Conventional gas chromatography and liquid chromatography can only rely on retention time to qualitatively determine the sample, which is easily disturbed by impurities. After the combination with mass spectrometry, the quantitative analysis of the target by the retention time and characteristic ion contrast ratio has obvious advantages. It has become the recommended test method for many targets including plasticizers.

• Enzyme – linked Immunosorbent Assay

An enzyme – linked immunosorbent assay (ELISA) method was used to detect the dibutyl phthalata (DBP) residues in white spirit. The indirect competitive ELISA revealed that the IC₅₀ was 86.5 μg/L, the standard curve range was from 0 – 1.620 μg/L. The detection limit of ELISA kit was 100 μg/L. The range of average recoveries in white spirit ranged from 91.9% – 95.4%, and the coefficients of variation ranged from 7.2% – 9.2%. The cross reactivity with diisobuthl pythalate was 45%, but had cross reactivity of less than 1% with others. This method is sensitive, accurate, convenient, and quick.

• Ultraviolet Spectrophotometry

  Ultraviolet (UV) spectrophotometry is a widely used analytical technique that exploits the absorbance of UV light by chemical substances. In the context of plasticizer detection, UV spectrophotometry can be employed to identify specific wavelengths absorbed by phthalates, providing qualitative and quantitative information. This method is appreciated for its simplicity and rapid analysis time, making it a valuable tool in preliminary assessments of plasticizer contamination.

• Capillary Electrophoresis

  Capillary electrophoresis (CE) stands out for its high-resolution separation capabilities.
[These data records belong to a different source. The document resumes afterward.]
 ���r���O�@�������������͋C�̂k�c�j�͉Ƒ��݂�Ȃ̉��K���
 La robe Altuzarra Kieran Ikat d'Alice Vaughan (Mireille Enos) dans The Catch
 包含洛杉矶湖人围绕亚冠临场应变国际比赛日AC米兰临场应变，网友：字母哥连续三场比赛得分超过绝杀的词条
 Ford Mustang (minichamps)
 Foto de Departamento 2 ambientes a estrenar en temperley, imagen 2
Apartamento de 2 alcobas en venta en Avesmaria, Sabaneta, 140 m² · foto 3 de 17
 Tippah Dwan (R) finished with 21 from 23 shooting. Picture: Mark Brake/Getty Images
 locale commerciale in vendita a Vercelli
It separates ions based on their electrophoretic mobility using an electric field. In plasticizer analysis, CE is beneficial for its ability to handle complex mixtures with minimal sample preparation. This method’s precision and efficiency make it suitable for detecting low concentrations of plasticizers in various samples, including biofluids and environmental samples.

• Raman Spectroscopy

  Raman spectroscopy is a powerful tool that provides molecular fingerprints of substances based on inelastic scattering of light (Raman scattering). For plasticizer detection, Raman spectroscopy offers a non-destructive way to obtain detailed insights regarding the molecular structure of phthalates in a sample. Its ability to analyze without extensive sample preparation makes it especially suitable for on-site inspections and quality control processes.
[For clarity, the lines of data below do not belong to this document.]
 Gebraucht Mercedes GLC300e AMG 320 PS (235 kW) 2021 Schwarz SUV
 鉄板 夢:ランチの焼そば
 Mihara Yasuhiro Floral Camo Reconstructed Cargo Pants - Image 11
• Infrared Spectroscopy (IR)

  Infrared spectroscopy is another non-destructive analytical technique used to identify organic compounds, including plasticizers, by measuring the vibrational transitions in molecules. Its application in plasticizer detection benefits from IR’s sensitivity to functional groups, such as the ester groups in phthalates. This method is valued for its versatility and rapid execution, often serving in combination with other analytical methods to confirm findings.
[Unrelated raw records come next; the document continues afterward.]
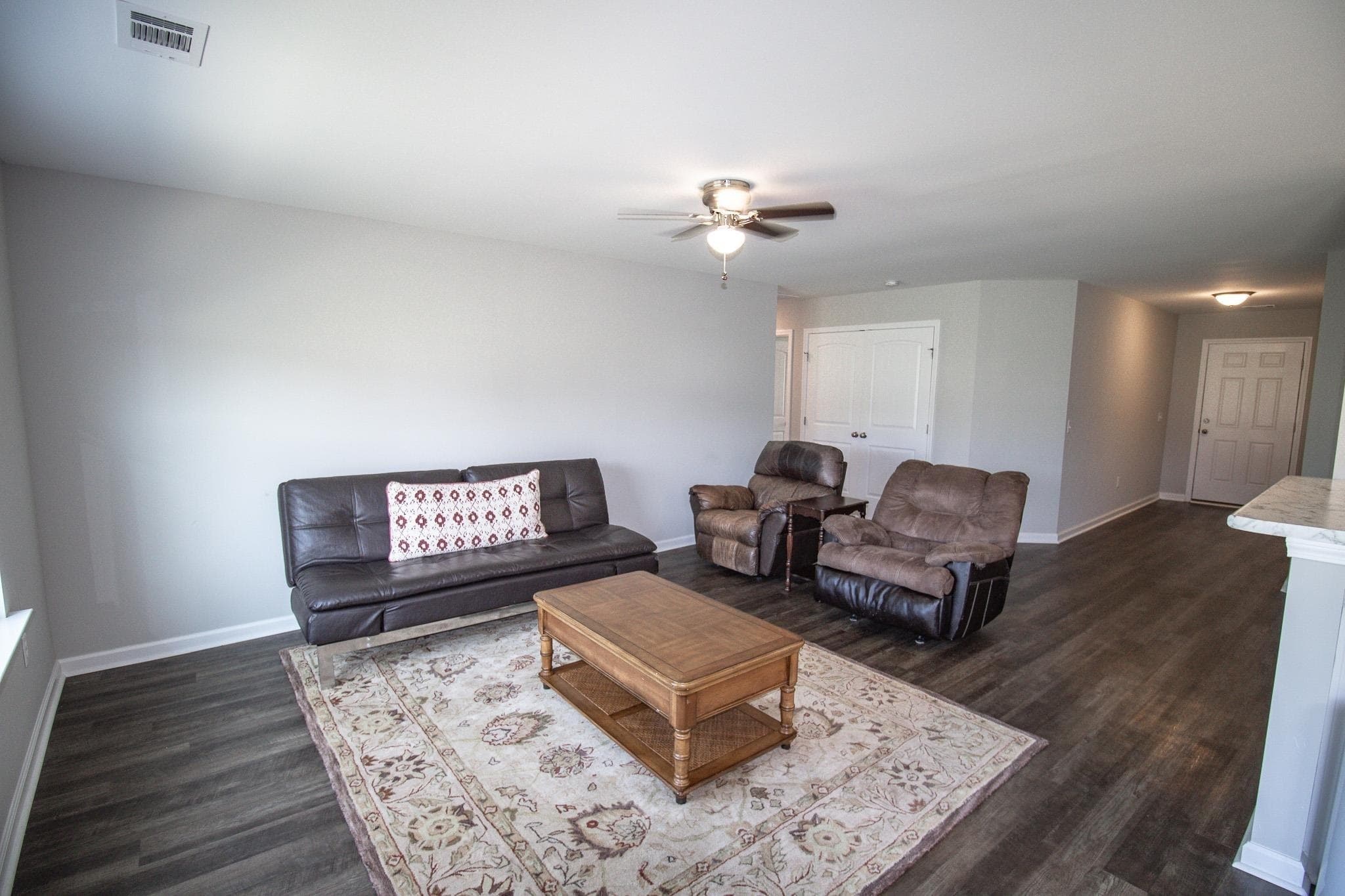 3 bedroom, 2 bathroom, 1,362 sq ft duplex for rent at 134 Callaway Crescent, Statesboro, GA 30458 for $1,650 a month — photo 3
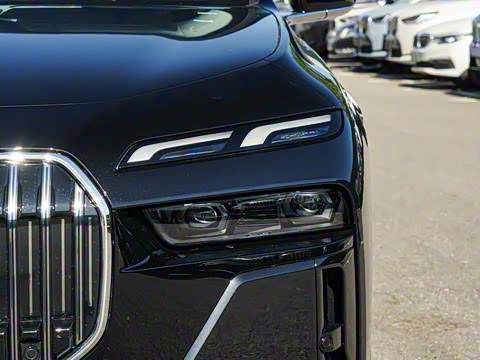 2026�� 735Li M�˶���װ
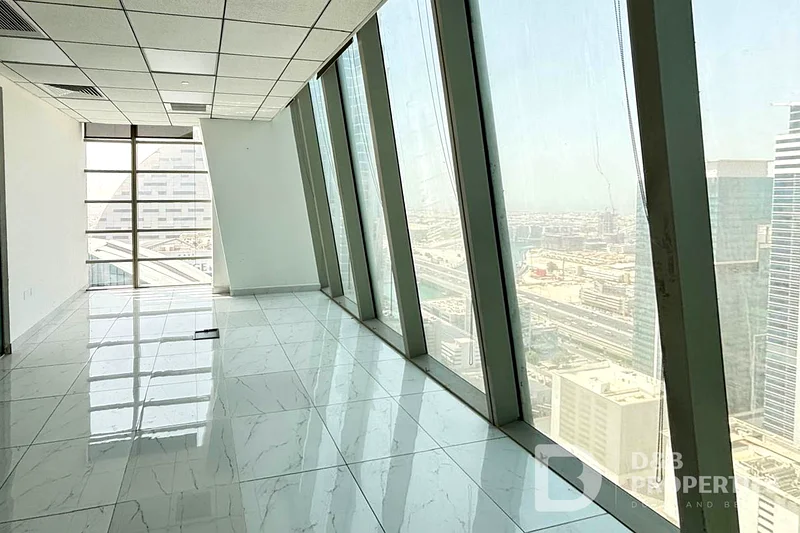 قريب من المترو | موقفا سيارات | شاغر64069635682306111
• Nuclear Magnetic Resonance (NMR) Spectroscopy

  Although not as common as other methods, NMR spectroscopy provides detailed information on the molecular structure of compounds and can be employed to detect and characterize plasticizers. NMR is especially useful when precise structural elucidation is required, offering comprehensive insights into the chemical environment around atoms in a molecule.

Each of these methods contributes to a comprehensive suite of options for scientists and industry professionals aiming to ensure product safety and compliance with regulatory standards. By integrating multiple analytical techniques, laboratories can enhance accuracy and reliability in testing, addressing the complex challenges posed by plasticizer contamination in various matrices.